The Phillies have played 63 innings this season and they have entered exactly 16 of them with a lead. None of those innings occurred on Monday night, when the Mets started their series against them the same way the Royals and Braves did: by outhitting them and by outpitching them, a combination that is tough to overcome in the game of baseball. The result was a 7-2 loss that felt much uglier than the final score and much longer than the official 2:55 time of play.

"It seems like every night I look up and it's Durbs and Valdes and Horst," manager Charlie Manuel said.

He can only imagine what it seems like to everybody else. Against the Mets, Chad Durbin, Raul Valdes and Jeremy Horst finally made it through an outing without being charged with any runs, an objective that had often eluded them in the first 9 1/3 innings that they had worked on the season, when they combined to allow 13 earned runs. But Durbin did allow both of the runners he had inherited to score - he has allowed all seven to score on the season - to turn a 5-2 deficit into a 7-2 deficit. On that front, the Phillies are at a point at which they might as well start cycling in some relievers from Triple A until they find one who can throw strikes consistently. Valdes has options remaining and has thrown 107 pitches over the last 6 days. Whether it is Mike Stutes or Justin De Fratus or Jake Diekman or Cesar Jimenez, the Phillies are getting close to a juncture at which change, even if for change's sake, might not be the worst idea in the world.

The change almost surely will not come in the rotation, where Roy Halladay continued his frustrating search for himself, allowing seven runs in four innings before getting the hook with two on and nobody out in the fifth. There are no experienced options at Triple A Lehigh Valley, but it wouldn't matter if there were: The Phillies' success is contingent on Halladay working through his command problems and establishing himself as a viable No. 3 starter. Anything else is just rearranging the deck chairs.

The Phillies must also operate on faith alone when it comes to their lineup, which was no match for young Mets righthander Matt Harvey's mid-to-high-90s fastball. They managed four hits, one of them for extra bases, and struck out 10 times in 30 at-bats. The biggest piece, naturally, is Ryan Howard, who went 0-for-3 with two strikeouts and a sacrifice fly and is now 4-for-27 with 10 strikeouts and no extra-base hits. But they also need more out of the man who prompted them to trade away a piece of their starting rotation: Ben Revere went 0-for-3 with a walk and has now reached base in only nine of his 31 plate appearances. Carlos Ruiz will be back in 3 weeks, and Delmon Young might be back sooner. Otherwise, what you see is what you will get.

The Phillies say that it is early, that Howard's slump is just the way baseball works, and that Halladay's stuff looks better, and that the front of the bullpen is filled with slow starters. And, really, they do not have a choice but to believe that all of that is true. But if the Phillies really are a good baseball team, they have not yet come close to showing it.
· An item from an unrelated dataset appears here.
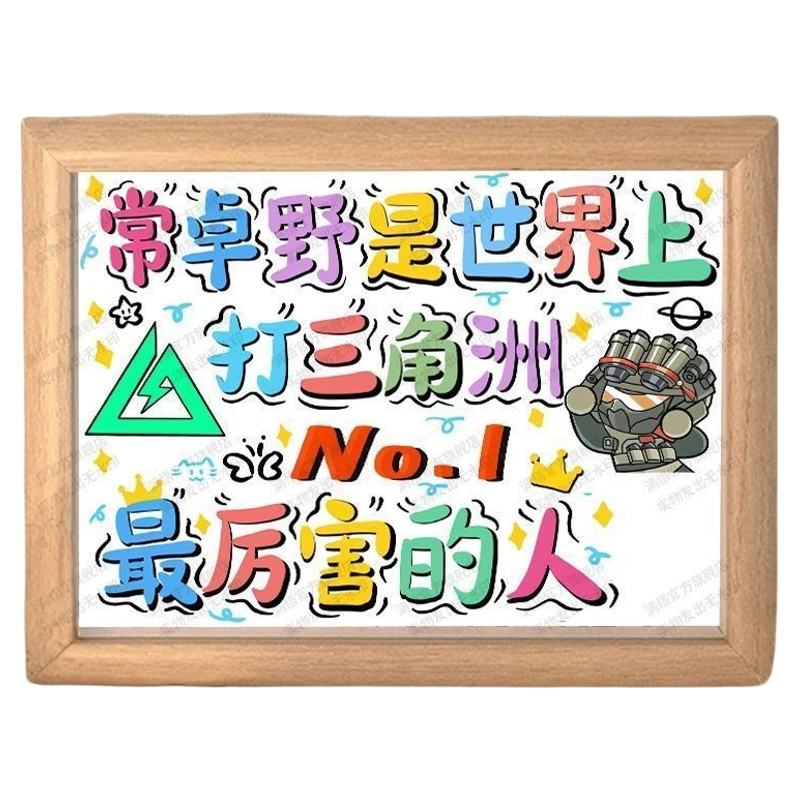 三角洲游戏最厉害的人木质相框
"It's early, but I'm concerned about our pitching," Manuel said. "I still think we are going to score some runs. The guy tonight threw a good game. Their guy, he's a top-of-the-rotation guy. He threw a heck of a game. But at the same time, we're going to score some runs . . . Right now, we've got to work through the problem we have with our pitching, and things will work for us."

Until then, you might want to find something else to watch.